Ingesting files

It’s helpful to have an audit record of the data that you ingested from external systems. These external systems can already be in a file format (FTP), an HTTP/SOAP/API connection with json or xml output, or perhaps even by connecting to an external database directly.

Storing the data that you ingested this way is helpful for troubleshooting. If you ingest the data and then immediately attempt to store that in an on-premises database, you need to rely on the workflow logs to be able to figure out what happened if a problem occurred. With a record of the file that you attempted to ingest, you achieve two things:

  • You can easily debug why some source data could not be ingested by a target system.
  • You can easily rerun parts of your workflow that start with picking up the file from an archive location.
  • You can historically reprocess all data that you picked up from days, weeks and months before without having to go back to this source system. This is very important, because source systems do not always keep this archive, may not support parametrization to do this effectively (for example, only gives you data from ‘yesterday’) and other reasons.

So, establishing that keeping a record of all ingested data is a good thing, let’s go about implementing this in airflow. FYI, I’m borrowing these ideas from a presentation given by IndustryDive, available from the Airflow links page.

Rather than hand-crafting file locations or passing files around, start with developing a predictable method for locating data files. Tasks that ingest data dump data files in those locations and tasks that read data dynamically determine these locations to read from.

The example that I devised shows the development of two types of operators. The FileToPredictableLocationOperator shows you how to develop an operator that dumps a file to a predictable location.

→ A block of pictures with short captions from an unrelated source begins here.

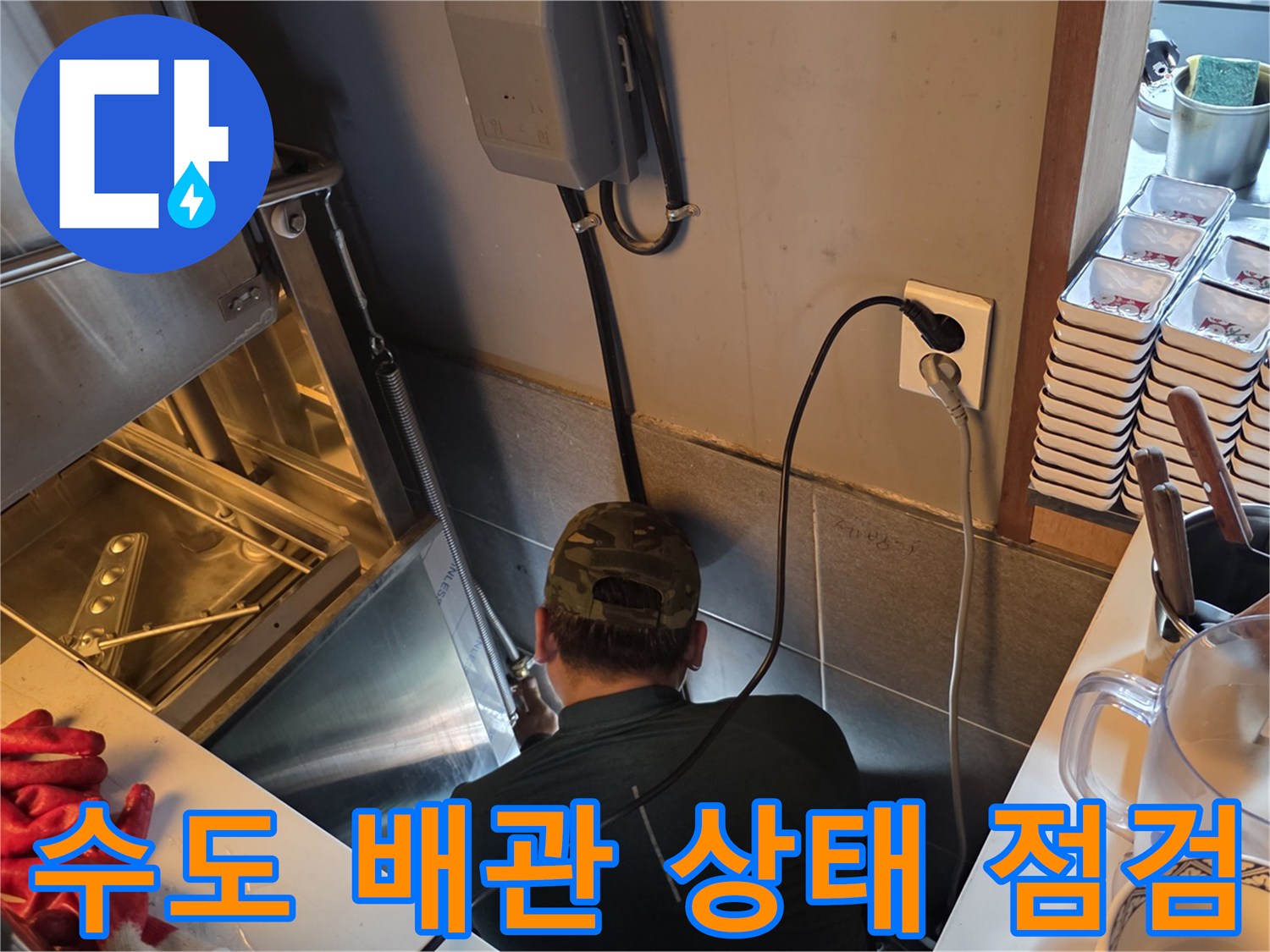 싱크대 하단 배관 구조를 면밀하게 관찰하는 작업자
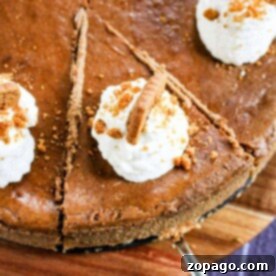 Gingerbread cheesecake with a gingersnap crust, topped with whipped cream and cookie crumbles, elegantly presented on a wooden board alongside neatly arranged slices.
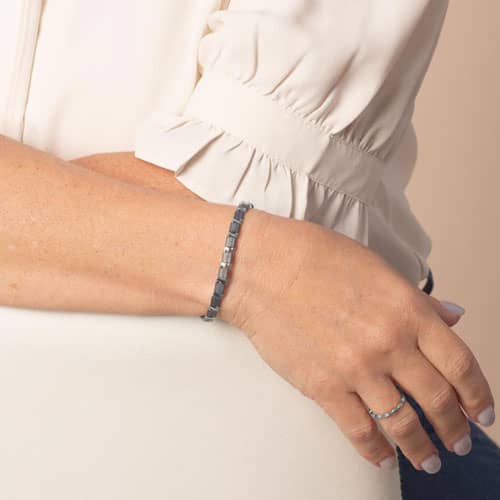 Slate blue tiled bracelet with silver-tone accents worn on the wrist.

The PredictableLocationToFinalLocationOperator is the operator that consumes from this location and processes the file to its final location.

Assuming that you still have the etl-with-airflow project cloned somewhere (see Documentation Github Project), I left a simple bash script to create some empty files in a particular sample structure so that you can see how this is supposed to work in general. Here’s how to do that:

$ cd examples
$ cd file-ingest
$ ./create_files.sh
$ cp -R * $AIRFLOW_HOME/dags

Now simply run the airflow webserver and the airflow scheduler as before, activate the file_ingest dag and it should start processing the files you just created. Look into file_ingest.py and acme/operators/file_operators.py to see how the example works.

Extending from the example

The above example uses a local filesystem to reduce the dependency on more complex connections and external environments like AWS, Google Cloud or whatever storage you may have available. This is to keep the example simple. In real world scenario’s, you’d probably write a bunch of operators to operate this way. The more incremental your process is, the more

In the source code under contrib, you can see a number of example operators that move data from one system to another. The closest example is a FileToGoogleCloudStorageOperator in file_to_gcs.py. What you need to do yourself is determine for which these intermediate predictable “archive” locations apply.

Important

Remember: An operator in airflow moves data from A to B. In that sense, it’s just an abstraction component over two (types of) hooks that need to cooperate together and achieve something in a sensible way. Operators are a great way to introduce these design choices and introduce more generic behavior at almost zero cost.

You’ll probably have a lot of people who concern themselves with moving data from A to B. Make sure that you have some solid platform engineers who know how to generalize the existing solutions to build consistency in your daily routines, otherwise you’ll find that people make arbitrary choices everywhere, which reduces the effectiveness of your overall platform.